_WHAT IS EXPECTED_
Reproduce, without alteration, every line of the data; exclude the images.

_DATA SECTION_
────
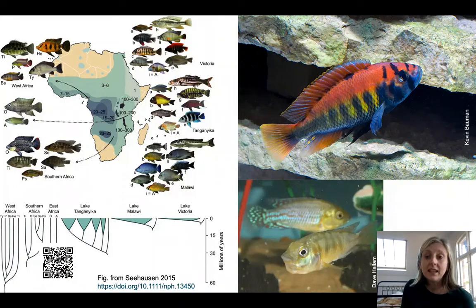Often in these fish you have sexual dimorphism, so the males and females look very different. Often the females are very dull and the males are the really bright, colorful ones. All the fish in this picture are males — they're really, really colorful. But the other cool thing is that the females mouth brood.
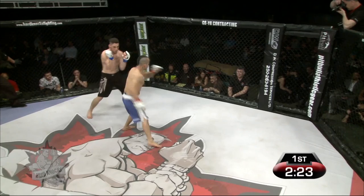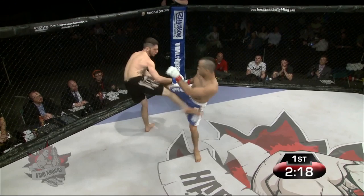A spinning back kick there that landed to the chest. A bit of a pop here from the crowd as they appreciate the rarely seen technique.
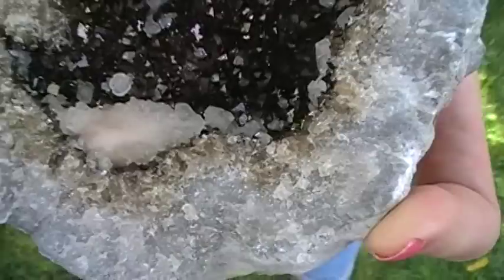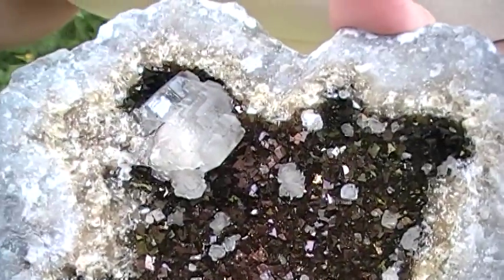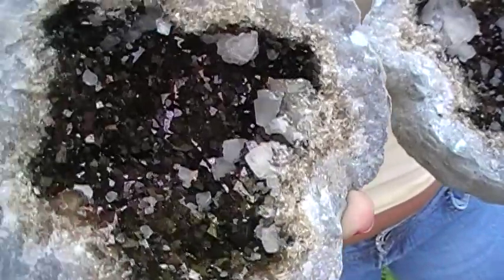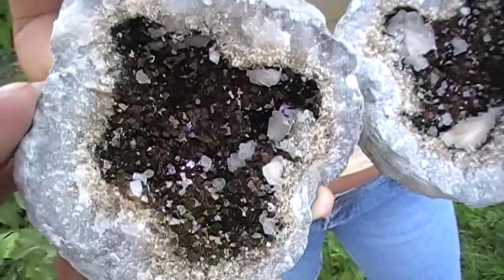It also has a stacking of pink calcites down there. Real clear calcites there. Numerous clear calcites. Both have real glassy calcites with vivid purple and copper colors.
────
_RESPONSE TO THIS TASK_
Often in these fish you have sexual dimorphism, so the males and females look very different. Often the females are very dull and the males are the really bright, colorful ones. All the fish in this picture are males — they're really, really colorful. But the other cool thing is that the females mouth brood.
A spinning back kick there that landed to the chest. A bit of a pop here from the crowd as they appreciate the rarely seen technique.
It also has a stacking of pink calcites down there. Real clear calcites there. Numerous clear calcites. Both have real glassy calcites with vivid purple and copper colors.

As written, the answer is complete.